Distributed Anode Systems
A distributed anode system places anodes along or near the protected structure rather than relying on one remote discharge point. The goal is often improved local current distribution, especially on complex, congested, shielded, or poorly coated structures.
Distributed vs Remote Groundbeds
| Feature | Remote groundbed | Distributed anodes |
|---|---|---|
| Current source location | Concentrated away from structure | Spread along or near structure |
| Best fit | Long, continuous pipelines with good current distribution | Congested piping, tanks, short structures, shielding-prone areas |
| Primary concern | Interference and attenuation | Local overprotection, installation quality, branch balance |
| Field checks | Potential profile and output trend | Branch currents, local potentials, current distribution |
Where Distributed Anodes Help
- Plant piping with many branches and electrical bonds.
- Tank bottoms or local areas with limited remote current access.

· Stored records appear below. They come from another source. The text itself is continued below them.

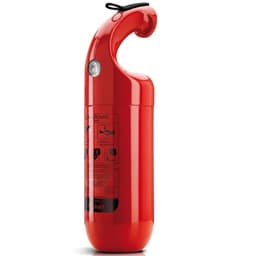 Housegard Firephant Brandsläckare 2kg Rö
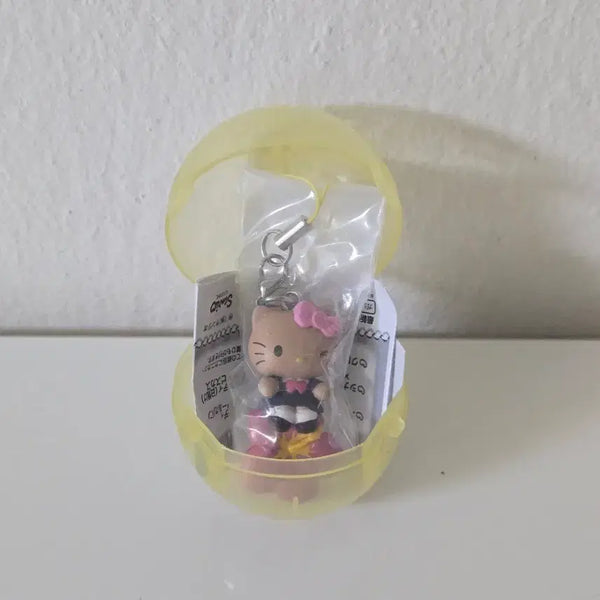 [BUNJANG] Sanrio Hello Kitty Figure Keyring / 산리오 헬로키티 피규어 키링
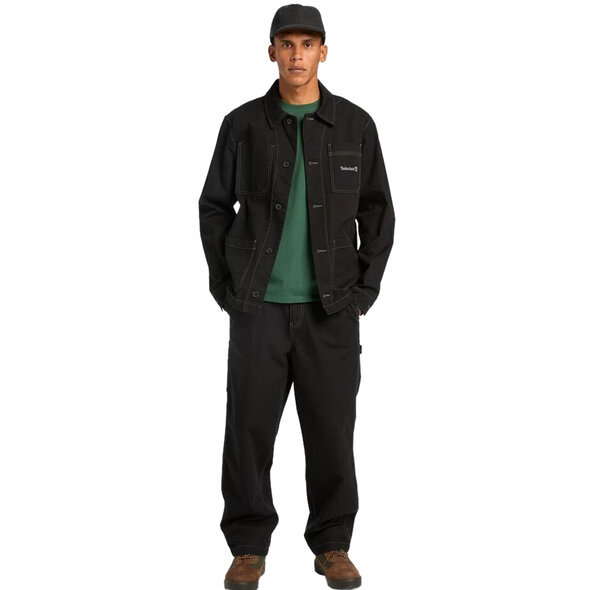 TIMBERLAND SILICON BADGE ΜΠΛΟΥΖΑ ΑΝΔΡΙΚΗ TB0A6HUK-A6X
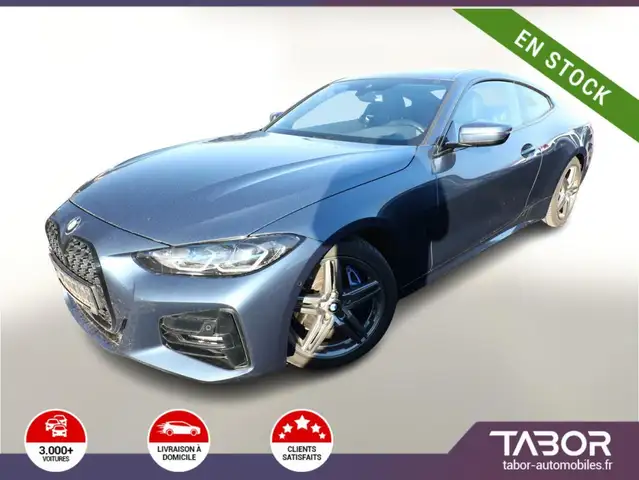 BMW 420 420d Steptr. M Sport Pro Laser ACC HUD 18P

- Short structures that need uniform current delivery.
- Areas where a remote groundbed creates excessive interference risk.
- Systems with shielding, congestion, or poor current throw from a remote source.
How to Interpret the Concept
Distributed anodes are used to place current discharge closer to the areas where current is needed. That can reduce the distance current must travel through the electrolyte and may help improve local distribution. It does not remove the need for measurements.
Actual performance depends on anode condition, electrolyte resistance, cable continuity, coating condition, electrical continuity of the structure, current demand, and where the reference electrode is placed during field readings. A distributed layout can still leave weak areas if current does not reach the intended surfaces.
Design Cautions
Distributed anodes can improve current delivery, but they can also create local gradients and overprotection if poorly designed. The evaluation must consider anode spacing, branch current balance, structure coating condition, reference electrode placement, and whether all intended sections are electrically continuous.
This page is a concept guide, not a spacing rule or installation procedure. Field conclusions should be supported by structure-to-electrolyte measurements, output data, continuity information, and survey history.
Field Note Guidance
When reviewing a distributed-anode system, note which structure area each anode or branch is intended to influence, whether branch current information is available, the local electrolyte conditions, and any locations where readings do not match the expected current distribution pattern.